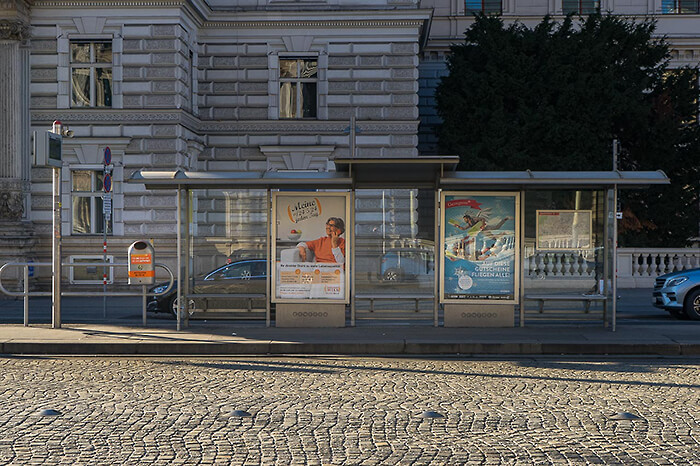 '13. Wenen, bushalte'. Fotografie Anton Staartjes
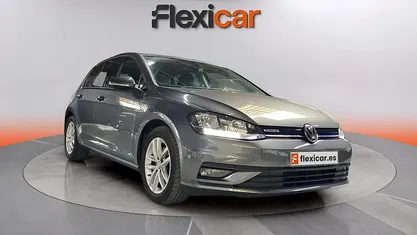 Usado VW Golf VIII Style 131 CV (96 kW) 2020 Gris Utilitario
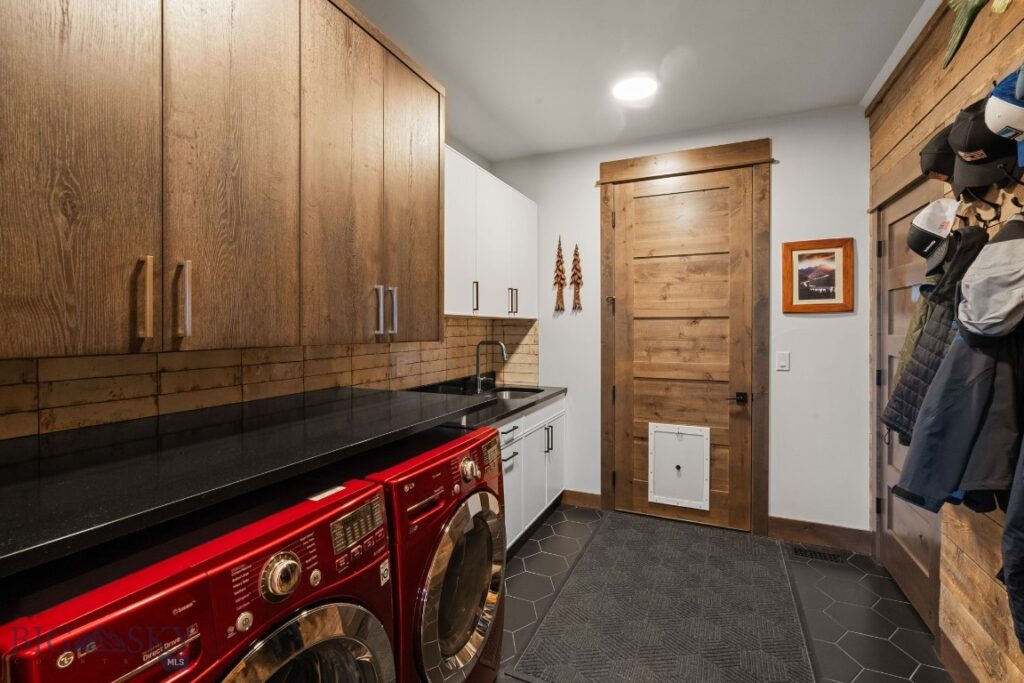 589 Tillyfour Road, Bozeman MT 59718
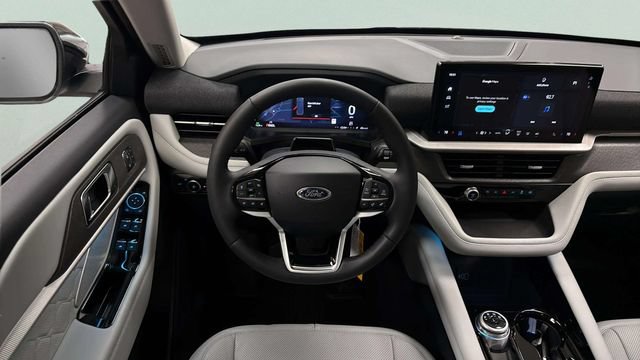 New 2026 Ford Explorer Platinum w/ LUX Leather Package AWD/4WD image 12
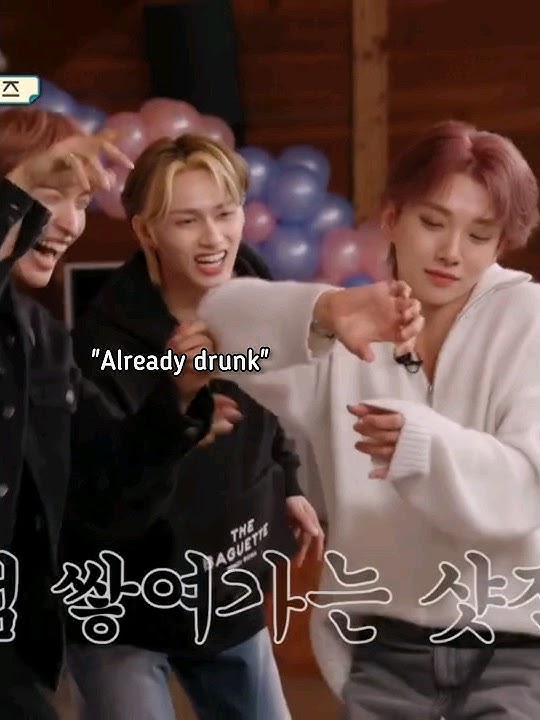 Jisoo drunk dance on 'Love shot'🤯😵 #seventeen#joshua #mingyu#dino#woozi#jun#seungkwan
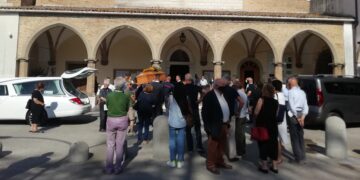 «Porteremo avanti i suoi valori»: l’ultimo saluto di Lanciano al professor Giancristofaro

★ ★ ★ ★ ★ ★ ★

• Problem requirements:
The data must be reproduced exactly, and no picture may appear in the copy.

• Task answer:
 '13. Wenen, bushalte'. Fotografie Anton Staartjes
 Usado VW Golf VIII Style 131 CV (96 kW) 2020 Gris Utilitario
 589 Tillyfour Road, Bozeman MT 59718
 New 2026 Ford Explorer Platinum w/ LUX Leather Package AWD/4WD image 12
 Jisoo drunk dance on 'Love shot'🤯😵 #seventeen#joshua #mingyu#dino#woozi#jun#seungkwan
 «Porteremo avanti i suoi valori»: l’ultimo saluto di Lanciano al professor Giancristofaro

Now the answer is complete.